# Lab 4: Pretraining a Language Model

![](../figs/deep_nlp/lab/train.png)

Now that we have our dataset and tokenizer, in this lab, we will train a language model on a large corpus of text from scratch.

## Unicode Normalization

One little thing to note is that we will need to normalize our text before training our language model. This is because the same character can be represented in different ways. For example, the character "é" can be represented as "e" followed by a combining accent character, or as a single character. We will use the [Unicode Normalization Form C](https://unicode.org/reports/tr15/#Norm_Forms) to normalize our text. This will convert all characters to their canonical representation.

### TL;DR

Use `NFKC` normalization to normalize your text before training your language model.
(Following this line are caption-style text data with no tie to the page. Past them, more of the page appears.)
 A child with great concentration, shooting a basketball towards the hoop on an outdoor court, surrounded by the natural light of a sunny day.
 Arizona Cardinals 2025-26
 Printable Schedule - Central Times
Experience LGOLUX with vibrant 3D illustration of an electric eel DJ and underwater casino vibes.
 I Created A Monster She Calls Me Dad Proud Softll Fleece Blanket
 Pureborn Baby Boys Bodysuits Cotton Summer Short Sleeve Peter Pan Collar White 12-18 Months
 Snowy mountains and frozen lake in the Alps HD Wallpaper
### Unicode Normalization Forms

There are four normalization forms:

- **NFC**: Normalization Form Canonical Composition
- **NFD**: Normalization Form Canonical Decomposition
- **NFKC**: Normalization Form Compatibility Composition
- **NFKD**: Normalization Form Compatibility Decomposition

In the above forms, "C" stands for "Canonical" and "K" stands for "Compatibility". The "C" forms are the most commonly used. The "K" forms are used when you need to convert characters to their compatibility representation. For example, the "K" forms will convert "ﬁ" to "fi".

There two main differences between the two sets of forms:

- The length of the string is changed or not: NFC and NFKC always produce a string of the same length or shorter, while NFD and NFKD may produce a string that is longer.
- The original string is changed or not: NFC and NFD always produce a string that is identical to the original string, while NFKC and NFKD may produce a string that is different from the original string.
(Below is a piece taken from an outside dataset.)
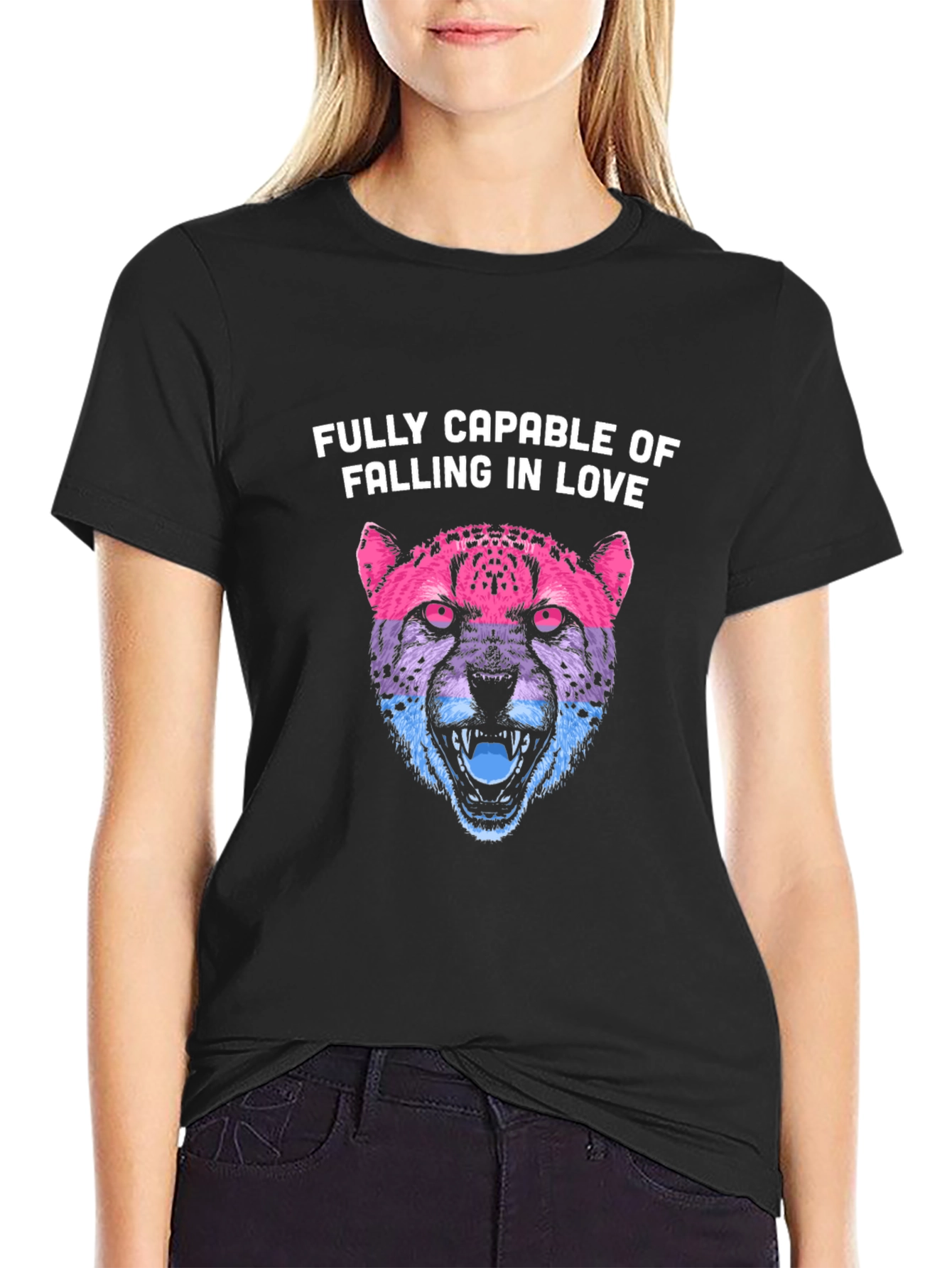 Bi Pride Cheetah T-Shirt - Fully Capable of Love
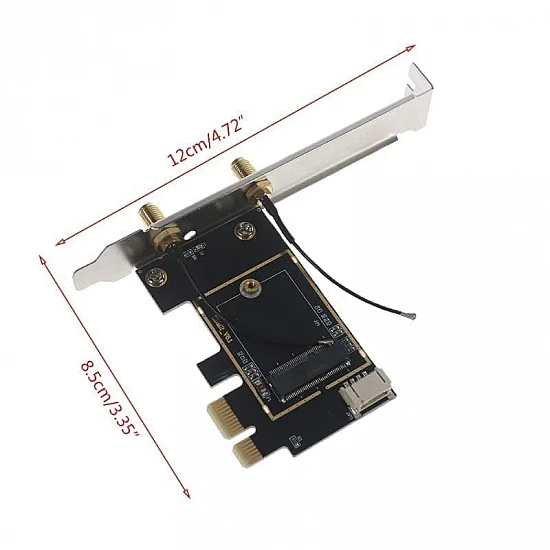 M.2 NGFF to PCI-E X1 Wireless Adapter Card with Bluetooth Cable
### Unicode Normalization in Python

In Python, you can use the `unicodedata` module to normalize your text. The `unicodedata.normalize` function takes two arguments:

- `form`: The normalization form to use. This can be one of the following: `NFC`, `NFD`, `NFKC`, `NFKD`.
- `unistr`: The string to normalize.

In [6]:
import unicodedata

text = "ａｂｃＡＢＣ１２３가나다…"
print(f"Original: {text}, {len(text)}")
for form in ["NFC", "NFD", "NFKC", "NFKD"]:
    ntext = unicodedata.normalize(form, text)
    print(f"{form}: {ntext}, {len(ntext)}")

Original: ａｂｃＡＢＣ１２３가나다…, 13
NFC: ａｂｃＡＢＣ１２３가나다…, 13
NFD: ａｂｃＡＢＣ１２３가나다…, 16
NFKC: abcABC123가나다..., 15
NFKD: abcABC123가나다..., 18


## BERT Pretraining

In this lab, we will train a BERT-like model using masked-language modeling, one of the two pretraining tasks used in the original BERT paper.

### What is BERT?

BERT is a large-scale language model that was trained on the English Wikipedia using a masked-language modeling objective. The model was then fine-tuned on a variety of downstream tasks, including question answering, natural language inference, and sentiment analysis. BERT was the first large-scale language model to be pre-trained using a deep bidirectional architecture and outperformed previous language models on a variety of tasks.

For more information, see the lecture notes on BERT.

### Masked-Language Modeling (MLM)

Masked-language modeling is a pretraining task where we mask some of the input tokens and train the model to predict the original value of the masked tokens. For example, if we have the sentence "The dog ate the apple", we can mask the word "ate" and train the model to predict the original value of the masked token. The model will then learn to predict the original value of the masked tokens based on the context of the sentence.

Example:

> Input: "The dog [MASK] the apple"



## Preprocessing the Dataset

Before training our language model, we need to preprocess our dataset. We will use our tokenizer to tokenize our dataset and then convert the tokens to their IDs. If we have a sentence that is longer than the maximum sequence length, we will truncate the sentence. If the sentence is shorter than the maximum sequence length, we will pad the sentence with the padding token.

From four tokenizers we have trained in the previous lab, we will use the `unigram` model trained using `SentencePiece` to tokenize our dataset.

## References

- [Unicode equivalence](https://en.wikipedia.org/wiki/Unicode_equivalence)